Although described as an opera, this was more a dramatised musical setting with tableaux vivants, as the programme stated "an interpretation rather than a word-for-word rendition".
More than 100 youngsters crammed on the small stage of the Gaiety Theatre in Ayr, severely limiting the scope for action. Nevertheless, miracles of chorus manipulation were enacted, each member of the tight group knowing exactly when and where to move.
Michael Norris's music is just what was required for the occasion. The voices were mostly in unison with simple catchy tunes, at times effectively used in canon or answering ensembles. At times he deliberately adopts Scottish idioms but much of the invention is definitely his own, set to colourful, lively and well varied accompaniments, played with great elan by a small orchestra under the direction of Raymond Bramwell.

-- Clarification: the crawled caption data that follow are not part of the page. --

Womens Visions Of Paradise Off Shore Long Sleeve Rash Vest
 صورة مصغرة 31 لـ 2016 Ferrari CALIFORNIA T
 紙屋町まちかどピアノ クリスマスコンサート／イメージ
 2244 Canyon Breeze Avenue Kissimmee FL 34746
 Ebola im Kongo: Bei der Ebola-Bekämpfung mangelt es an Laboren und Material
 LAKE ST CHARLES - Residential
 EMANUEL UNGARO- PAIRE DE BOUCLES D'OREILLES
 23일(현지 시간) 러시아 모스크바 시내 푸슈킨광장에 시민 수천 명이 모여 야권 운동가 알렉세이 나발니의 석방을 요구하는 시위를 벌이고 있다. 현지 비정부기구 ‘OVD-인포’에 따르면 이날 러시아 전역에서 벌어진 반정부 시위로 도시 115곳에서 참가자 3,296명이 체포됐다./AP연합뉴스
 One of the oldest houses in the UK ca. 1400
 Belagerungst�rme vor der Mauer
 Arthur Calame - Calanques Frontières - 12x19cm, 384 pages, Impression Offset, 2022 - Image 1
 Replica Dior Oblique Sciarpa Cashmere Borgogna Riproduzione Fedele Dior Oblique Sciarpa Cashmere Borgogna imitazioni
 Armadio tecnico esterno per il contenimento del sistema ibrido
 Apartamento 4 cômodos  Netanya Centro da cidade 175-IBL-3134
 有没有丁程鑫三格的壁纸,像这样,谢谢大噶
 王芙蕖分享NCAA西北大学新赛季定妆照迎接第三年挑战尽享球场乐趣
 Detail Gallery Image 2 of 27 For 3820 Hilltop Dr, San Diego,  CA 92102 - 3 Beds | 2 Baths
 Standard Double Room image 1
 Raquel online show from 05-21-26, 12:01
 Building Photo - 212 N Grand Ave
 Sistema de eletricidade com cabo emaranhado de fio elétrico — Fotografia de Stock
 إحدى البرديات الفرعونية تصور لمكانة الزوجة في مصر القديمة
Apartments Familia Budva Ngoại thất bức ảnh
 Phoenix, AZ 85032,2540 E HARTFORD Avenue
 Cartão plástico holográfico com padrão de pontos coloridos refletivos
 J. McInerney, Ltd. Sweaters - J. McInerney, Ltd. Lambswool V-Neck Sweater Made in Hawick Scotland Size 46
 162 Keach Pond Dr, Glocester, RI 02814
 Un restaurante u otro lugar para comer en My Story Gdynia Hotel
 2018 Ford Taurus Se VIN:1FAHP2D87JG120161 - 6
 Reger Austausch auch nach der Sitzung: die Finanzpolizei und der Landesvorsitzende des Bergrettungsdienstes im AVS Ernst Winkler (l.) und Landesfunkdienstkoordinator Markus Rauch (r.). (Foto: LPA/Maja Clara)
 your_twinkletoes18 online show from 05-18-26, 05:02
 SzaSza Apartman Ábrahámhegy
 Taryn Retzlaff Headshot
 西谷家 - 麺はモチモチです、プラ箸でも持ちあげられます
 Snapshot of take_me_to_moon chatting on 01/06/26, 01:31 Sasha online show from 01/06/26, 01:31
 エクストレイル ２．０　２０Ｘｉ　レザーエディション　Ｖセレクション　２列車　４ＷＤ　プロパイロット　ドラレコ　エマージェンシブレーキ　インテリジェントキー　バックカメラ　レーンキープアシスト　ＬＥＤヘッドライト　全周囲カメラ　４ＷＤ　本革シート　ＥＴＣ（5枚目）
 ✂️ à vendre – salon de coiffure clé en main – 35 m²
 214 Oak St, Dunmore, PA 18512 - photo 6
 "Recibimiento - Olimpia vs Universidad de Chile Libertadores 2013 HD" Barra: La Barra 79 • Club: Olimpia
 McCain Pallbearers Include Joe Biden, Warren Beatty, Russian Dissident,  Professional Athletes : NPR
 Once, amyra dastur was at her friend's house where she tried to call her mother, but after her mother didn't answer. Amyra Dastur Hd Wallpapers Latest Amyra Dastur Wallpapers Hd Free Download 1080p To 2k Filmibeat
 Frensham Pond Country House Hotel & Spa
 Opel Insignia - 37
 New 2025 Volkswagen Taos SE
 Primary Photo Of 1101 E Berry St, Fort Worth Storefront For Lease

Changes in pace in the poem were neatly reflected in the music with an imaginative representation of the ride itself, although neither the staging nor the singing quite reached the headlong dash of Tam's escape. The chorus was constantly alert and solo roles were handled with confidence.
Tam (unexpectedly allotted to a female) was sung with clarity and force by Pauline Graham, and the sultry voiced Lorna Davidson made Cutty Sark so alluring that it is little wonder that our hero blew his cover after her song and dance.
Credit for the production and design and indeed the whole enterprise must go to Marilyn de Blieck who since 1986 has been stirring up Ayrshire to promote music theatre and opera of a remarkable standard. Michael Norris's Tam O'Shanter is well within the capability of any school, however limited the resources - the results will be well worth the effort, providing a memorable experience for all who take part.